Z bezpieczeństwa w strefie fizycznej przechodzimy do bezpieczeństwa w strefie cyfrowej. Ronald Pizzoferrato to artysta mieszkający w Szwajcarii, ale pochodzący z Wenezueli. Przyjeżdżając na rezydencję do Nairobi, odkrył dużo podobieństw do swojego kraju, zwłaszcza w kontekście doświadczeń związanych z kolonializmem. Podczas pobytu w Mukuru zauważył, że mieszkańcy często mają problemy z dostępem do bieżącej wody czy prądu, ale prawie każdy ma na dostęp do M-Pesy — aplikacji mobilnej umożliwiającej płatności. M-Pesa w Kenii jest bardzo popularna, często to jedyna możliwość zapłaty, a jej logo widnieje prawie wszędzie. Pizzoferrato stworzył projekt artystyczno-śledczy, w którym odkrył, że znaczną część udziałów w M-Pesie posiada brytyjski Vodafone, czyli mamy do czynienia z ponowną kolonizacją, tylko w cyfrowej formie.

Shabu Mwangi i rzeka

Shabu Mwangi to artysta, założyciel kolektywu Wajuku art, który od prawie dwudziestu lat działa na terenach Mukuru. Kolektyw za pomocą działań artystycznych i edukacyjnych zachęca do aktywności najmłodszych mieszkańców osiedla. W instalacji stworzonej w ramach projektu Matza dał głos tym, którzy sami nie mogą się bronić. Swoje działania skupił na rzece Nairobi, która jest mocno zanieczyszczona, zwłaszcza w części przecinającej Mukuru. Czarna, stworzona z folii strecz wstęga ciągnie się nad dachami Mukuru i prowadzi do rzeki. Ten prosty zabieg ma zwrócić uwagę mieszkańców i mieszkanek na rzekę, której praktycznie nie widać, bo jest zasłonięta śmieciami.
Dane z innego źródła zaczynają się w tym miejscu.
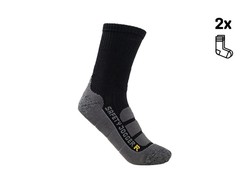 SJ BAMBOO SOCK 2PACK black marca Safety Jogger colección Industrial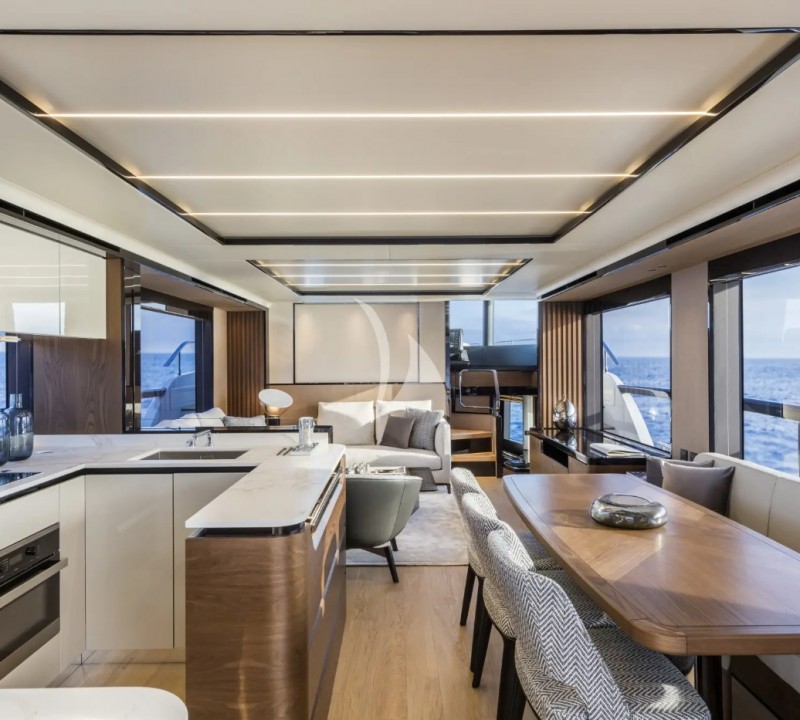 Interior Relaxation Area With Dining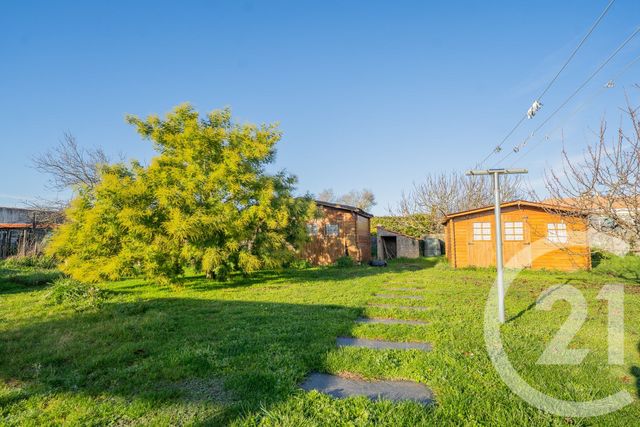 Maison &agrave; vendre - 4 pi&egrave;ces - 105,59 m2 - Nancras - 17 - POITOU-CHARENTES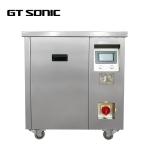 High Power Industrial Ultrasonic Cleaner , Square Ultrasonic Cleaning Machine for sale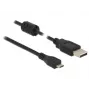 USB laidas DeLOCK 3 m USB 2.0-A USB 2.0 Micro-B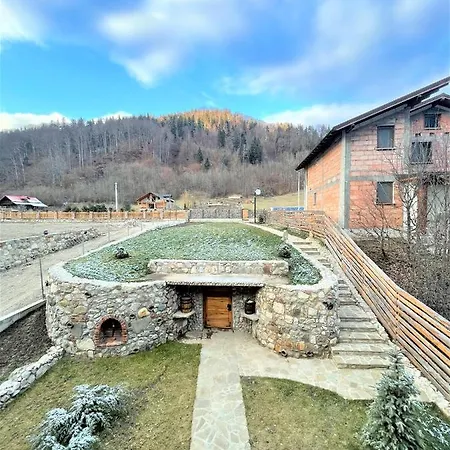 Cabana Butura Holiday home Negulesti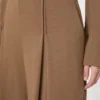 Pantalon en jersey de laine, couleur tabac Pantalon en jersey de laine, couleur tabac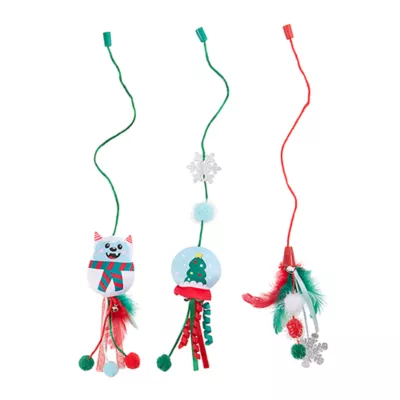 Product Merry & Bright® 3-Pack Plush Teasers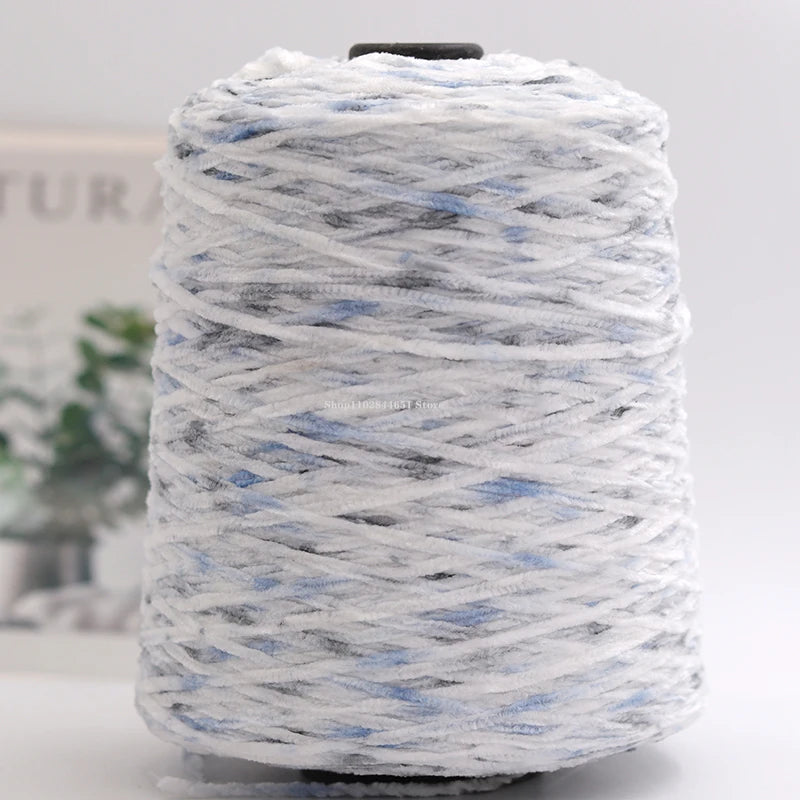 500g Chenille Wool Yarn Hand-knitting Supplies Wiring DIY Creative Hand-knitted Sweater/hat/scarf/bag Craft Hook Knitting Yarn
widok na rzekę i instalację Shabu Mwangi

widok na rzekę i instalację Shabu Mwangi

fot.: Barbara Nawrocka

Flurina Rothenberger i sesja w Mukuru

Flurina Rothenberger to szwajcarska fotografka, która sporą część dzieciństwa spędziła w Republice Wybrzeża Kości Słoniowej. W swoich pracach często powraca do Afryki, tworząc partycypacyjne projekty z młodzieżą. W Mukuru zaprosiła nastoletnie mieszkanki do stworzenia serii fotografii o ich zainteresowaniach, dając im pełną swobodę artystyczną. Fotografie były prezentowane w społecznym ogrodzie warzywnym, który został zaaranżowany na potrzeby projektu.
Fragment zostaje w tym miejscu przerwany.